The Linux kernel global OOM killer selects processes based on their oom_score.
Memory-intensive processes such as slapd are common candidates.
Kubernetes workloads may be evicted or rescheduled.
Application logs often provide little or no useful information regarding the actual root cause.
Evidence is typically found in node-level system logs.

In the observed cases, the LDAP logs indicated a graceful shutdown rather than an immediate SIGKILL, suggesting that the workload may have been evicted or terminated due to node memory pressure rather than a container-level OOM event.

Diagnosis

Review the Kubernetes node logs and operating system logs for indicators such as:

MemoryPressure
OOM Killer
Out of memory
SIGTERM
Eviction

Additionally, inspect pod events:

kubectl describe pod <ldap-pod>
kubectl get events --sort-by=.metadata.creationTimestamp

Monitor memory consumption across the cluster and compare actual usage with configured resource requests and limits.

Solution

Verify Resource Requests and Limits

Ensure that the LDAP server pods have memory requests and limits configured appropriately for the size of the environment.

Example:

resources:
  requests:
    memory: <appropriate-value>
  limits:
    memory: <appropriate-value>

The configured values should exceed the normal operating memory consumption of the pod.

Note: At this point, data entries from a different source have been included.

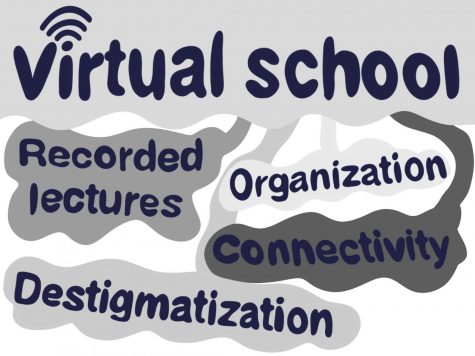 Virtual school has spawned a host of benefits for students and teachers, including increased connectivity, mental health destigmatization, a stockpile of recorded lectures, and organizational tools.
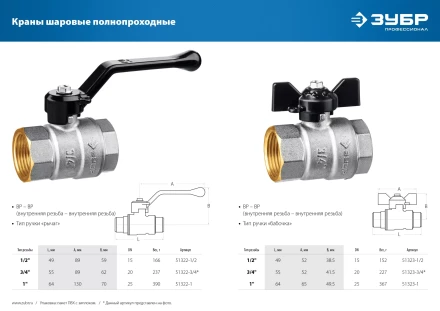 ЗУБР d 1/2, ручка-рычаг, шаровой кран (51322-1/2) купить в Магнитогорске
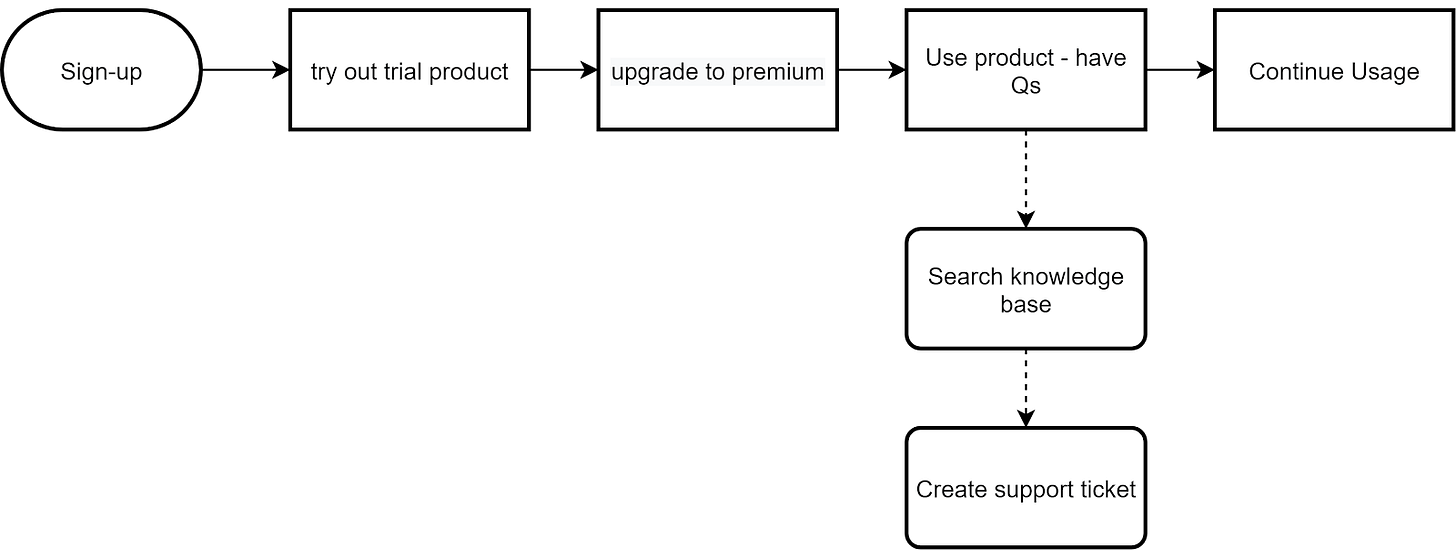 Data flow diagram showing complexity of sending the information to the right person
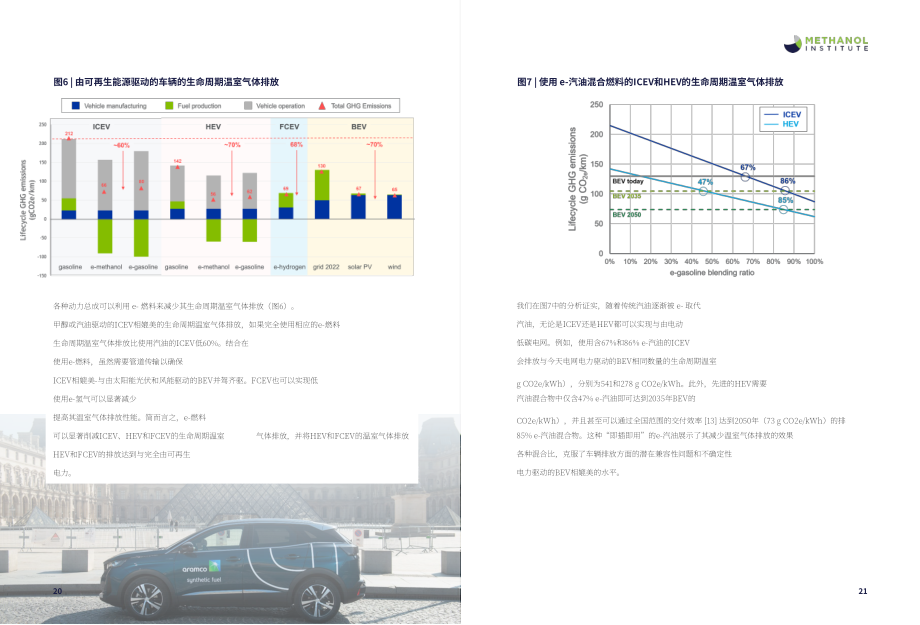 甲醇协会&阿美公司：2024中国低碳电子燃料潜力报告（英文版）（24页）.pdf_第11页
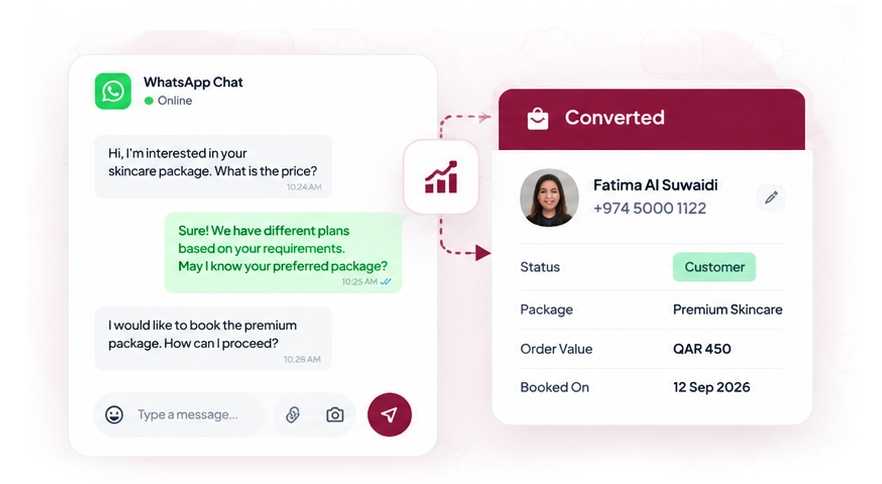 A WhatsApp enquiry about a skincare package converted into a Taswiq customer record showing status, package and order value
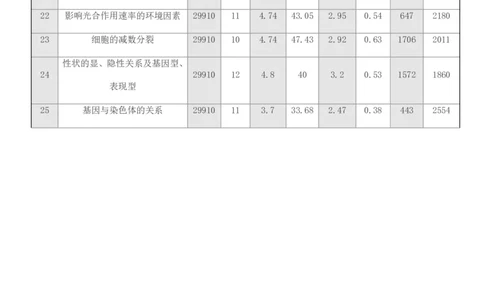 点石联考2025年10月高二生物巩固卷(1)_1多考区联考_251025点石联考2025年10月高二巩固卷（全）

Monitor Resource Utilization

Memory requirements depend on factors such as:

Directory size
Number of users and groups
Replication traffic
Authentication workload
Historical database growth

Continuous monitoring should be implemented using Kubernetes observability tooling such as:

Metrics Server
Prometheus
Grafana

Resource requests and limits should be reviewed regularly and adjusted according to actual usage patterns.

Review Cluster Capacity

If multiple workloads compete for limited memory resources, Kubernetes may evict pods or the operating system may terminate processes to protect node stability.

Verify that:

Worker nodes provide sufficient memory capacity.
Workloads are evenly distributed across the cluster.
Overcommitment and overprovisioning are avoided.
Cluster autoscaling is configured appropriately, where applicable.

Conclusion

The startup failure of the UMS LDAP Server is frequently a secondary symptom rather than the primary problem. In investigated cases, the root cause was memory pressure at the Kubernetes node level, which resulted in the termination of LDAP-related processes and subsequent LDAP database inconsistencies.

The recommended approach is to identify and resolve the underlying cluster resource issue, review memory requests and limits, and implement continuous monitoring to prevent future occurrences.